É a pessoa assumindo a persona, nas palavras de Breton, é o ser humano assumindo uma existência mas não uma vida, é apenas ser, sem coexistir. No mundo de hoje, de exigências de hiperconexão e a obrigação inescapável de felicidade, mostrando sua bem aventurança nas redes sociais, o ato de desaparecer de si assume um tom de resistência ao mundo e sua loucura.
Breton chama esse vazio, esse autoexilio, de branco:
O branco é essa vontade de desacelerar ou de deter o fluxo do pensamento, de finalmente acabar com a necessidade social de sempre compor um personagem de acordo com os interlocutores presentes. O branco é uma busca de impessoalidade, uma vontade de tão somente ser considerado de forma neutra.
E esse branco me remete ao conto de Clarice Lispector: em Preciosidade somos apresentados a uma personagem que, como boa personagem clariceana, tem uma existência muito mais intensa por dentro do que por fora. Ao mundo exterior ela manifesta sua persona feia, neutra, lutando ferozmente para passar despercebida: quase uma desexistência. No caminho para a escola, na própria escola, diante de colegas e professores, por muito tempo ela quase consegue esse objetivo de desaparecer de si. Quase, pois um acontecimento revela a aterradora verdade: ela existe, ela é percebida, basta estar vivo, basta um olhar, basta ser tocado para que o projeto de desparecimento fracasse.

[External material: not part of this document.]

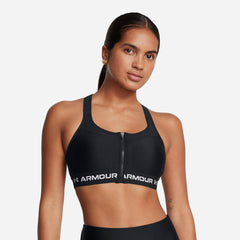 Women's Under Armour Crossback Zip High-Support Bra - Black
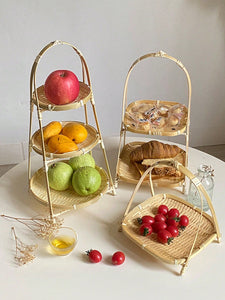 1pc Weaving Baskets Rack Wicker Handwoven Fruit Bread Food Storage Tier Kitchen Decorate Round Square Plate Stand Container Bamboo Baskets Straw Weaving 1/2/3 Layer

Não se mover é o que importa, pensou de longe. Não se mover.
Depois de descobrir que é percebida, essa descoberta que é como uma epifania às avessas se mostra mais do que ela pode suportar:
Foi para o lavatório. Onde, diante do grande silêncio dos ladrilhos, gritou aguda, supersônica: Estou sozinha no mundo! Nunca ninguém vai me ajudar, nunca ninguém vai me amar! Estou sozinha no mundo!
(…)
Ela possuía tao pouco, e eles haviam tocado.

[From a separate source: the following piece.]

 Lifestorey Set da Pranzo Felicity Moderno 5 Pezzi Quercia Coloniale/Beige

Ela era tão feia e preciosa.
Em minhas anotações sobre esse magnífico conto, minha letra garranchada me contou que se tratava de uma ode ao vazio, ao vazio da existência e da profunda e desesperadora solidão de quem toca essa matéria sem forma. Até o desejo é vazio, a violência, a violação, os atos que violam quem somos, esse caos físico e moral é barulhento mas é vazio e o som, sabemos, não se propaga no vácuo.
Le Breton sabe disso, do branco; Clarice Lispector sempre soube, muito antes de todos. Ela sabe que continuamos gritando nosso desespero para os ladrilhos brancos. É forte, é esclarecedor, é revelador. Por isso é doloroso, por isso tudo é necessário. Leiam Le Breton para entender o presente, leiam Clarice para entender porque desde sempre somos assim, amantes do vazio.